- [What you should do]: Each line from the one that contains "Solve A Variety" through the end of the entries should be repeated exactly, with nothing added.

- [Exercise data]:
::::

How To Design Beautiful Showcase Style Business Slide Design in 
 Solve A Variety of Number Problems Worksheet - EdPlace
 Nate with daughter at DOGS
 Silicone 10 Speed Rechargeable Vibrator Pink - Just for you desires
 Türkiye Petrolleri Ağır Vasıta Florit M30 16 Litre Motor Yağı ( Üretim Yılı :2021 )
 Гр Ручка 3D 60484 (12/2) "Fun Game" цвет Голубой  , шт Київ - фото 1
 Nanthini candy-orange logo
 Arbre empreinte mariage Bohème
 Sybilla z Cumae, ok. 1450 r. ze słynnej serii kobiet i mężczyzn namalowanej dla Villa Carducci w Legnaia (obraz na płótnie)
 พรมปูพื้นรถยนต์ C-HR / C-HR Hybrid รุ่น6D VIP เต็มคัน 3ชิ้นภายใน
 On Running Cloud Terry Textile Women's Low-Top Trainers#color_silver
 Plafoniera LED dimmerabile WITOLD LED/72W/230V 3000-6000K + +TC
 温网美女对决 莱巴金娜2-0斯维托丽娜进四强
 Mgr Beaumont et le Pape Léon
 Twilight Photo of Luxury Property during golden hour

::::

- [Answer area]:
 Solve A Variety of Number Problems Worksheet - EdPlace
 Nate with daughter at DOGS
 Silicone 10 Speed Rechargeable Vibrator Pink - Just for you desires
 Türkiye Petrolleri Ağır Vasıta Florit M30 16 Litre Motor Yağı ( Üretim Yılı :2021 )
 Гр Ручка 3D 60484 (12/2) "Fun Game" цвет Голубой  , шт Київ - фото 1
 Nanthini candy-orange logo
 Arbre empreinte mariage Bohème
 Sybilla z Cumae, ok. 1450 r. ze słynnej serii kobiet i mężczyzn namalowanej dla Villa Carducci w Legnaia (obraz na płótnie)
 พรมปูพื้นรถยนต์ C-HR / C-HR Hybrid รุ่น6D VIP เต็มคัน 3ชิ้นภายใน
 On Running Cloud Terry Textile Women's Low-Top Trainers#color_silver
 Plafoniera LED dimmerabile WITOLD LED/72W/230V 3000-6000K + +TC
 温网美女对决 莱巴金娜2-0斯维托丽娜进四强
 Mgr Beaumont et le Pape Léon
 Twilight Photo of Luxury Property during golden hour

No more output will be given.